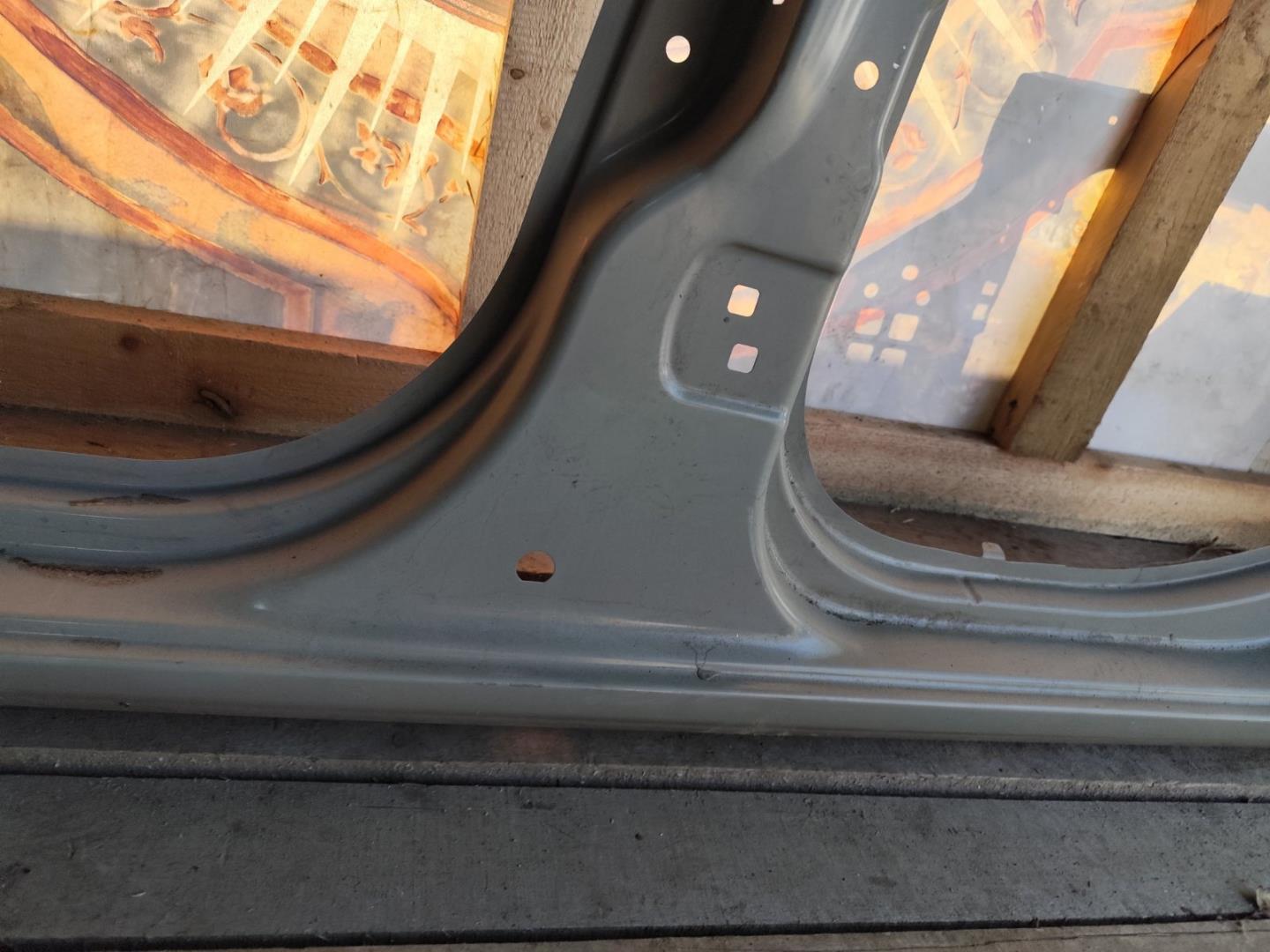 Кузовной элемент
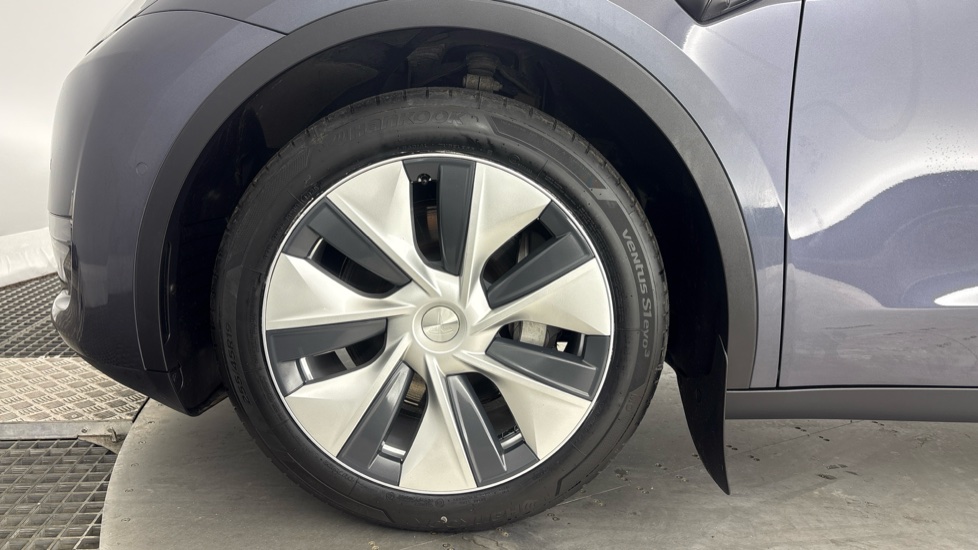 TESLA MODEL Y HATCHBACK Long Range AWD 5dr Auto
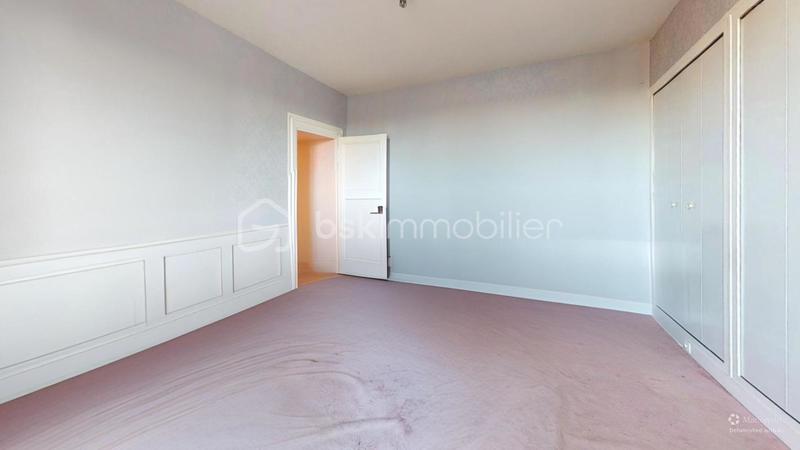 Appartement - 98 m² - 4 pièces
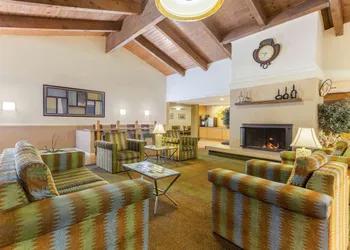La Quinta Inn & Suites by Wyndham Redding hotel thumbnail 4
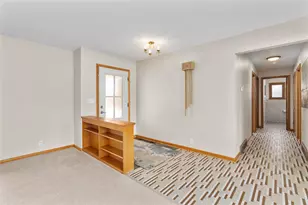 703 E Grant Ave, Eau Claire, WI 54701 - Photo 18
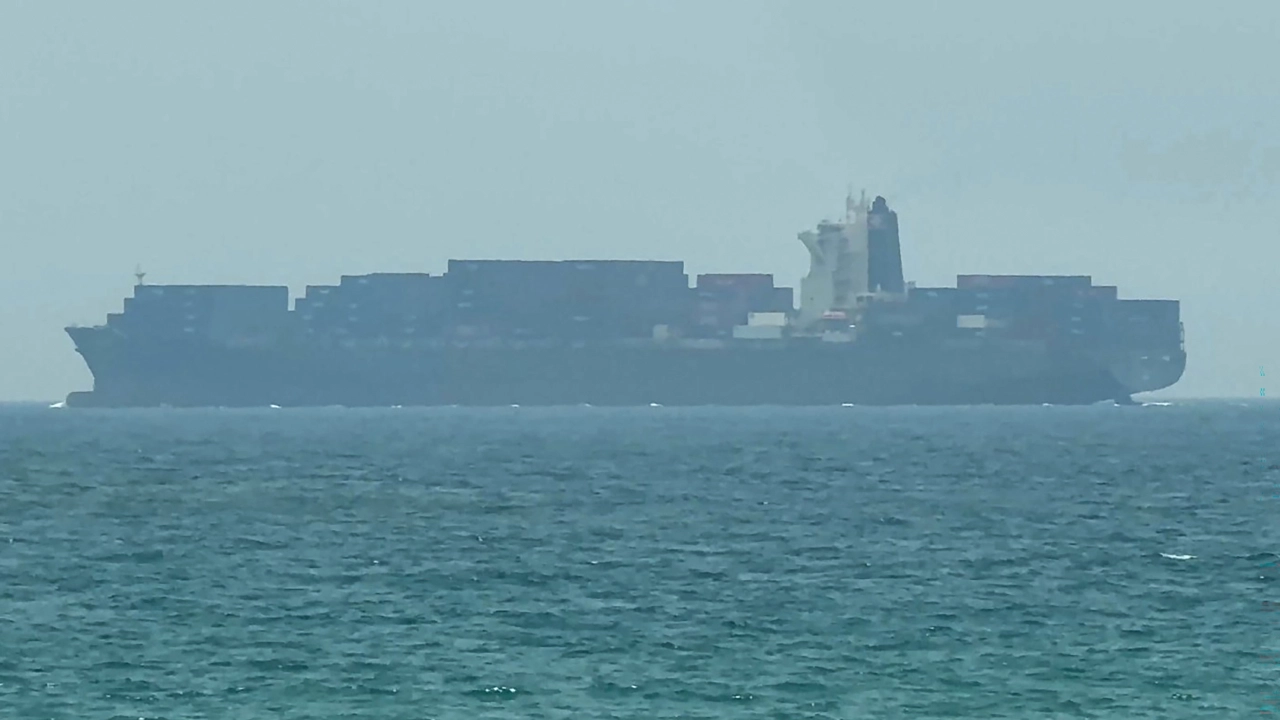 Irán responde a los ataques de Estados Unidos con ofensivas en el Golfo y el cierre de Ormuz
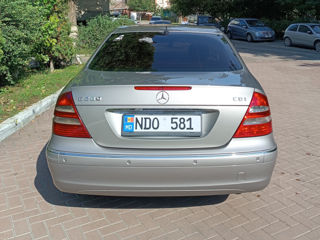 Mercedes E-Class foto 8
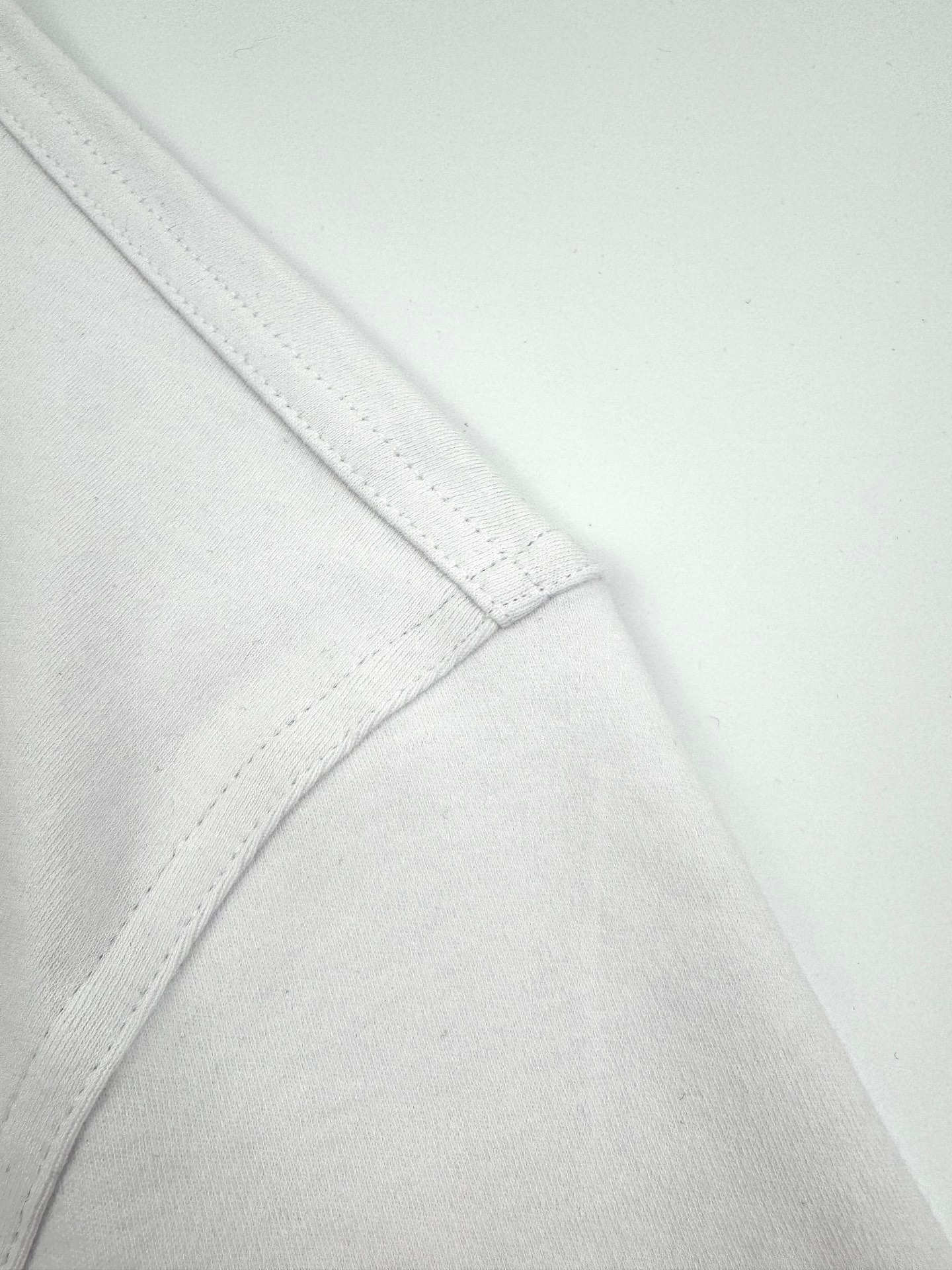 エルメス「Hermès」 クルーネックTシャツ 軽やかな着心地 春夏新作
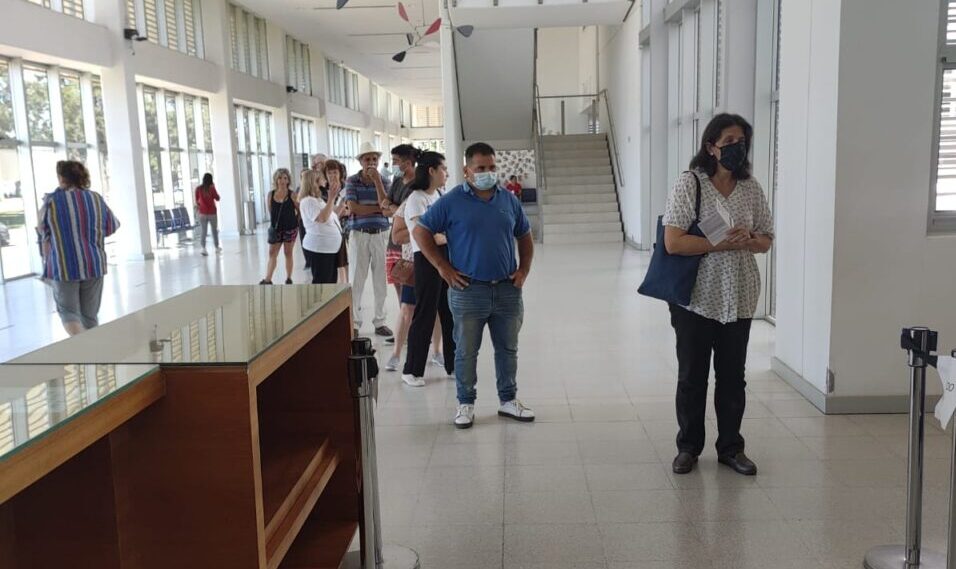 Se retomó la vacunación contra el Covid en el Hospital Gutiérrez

| YOUR OBJECTIVE |
What is needed is a verbatim copy of the lines running from the one with "エルメス「Hermès」 クルーネックTシャツ 軽やかな着心地 春夏新作" through the last line of the listing above, excluding any pictures.

| ANSWER FOR THE TASK |
 エルメス「Hermès」 クルーネックTシャツ 軽やかな着心地 春夏新作
 Se retomó la vacunación contra el Covid en el Hospital Gutiérrez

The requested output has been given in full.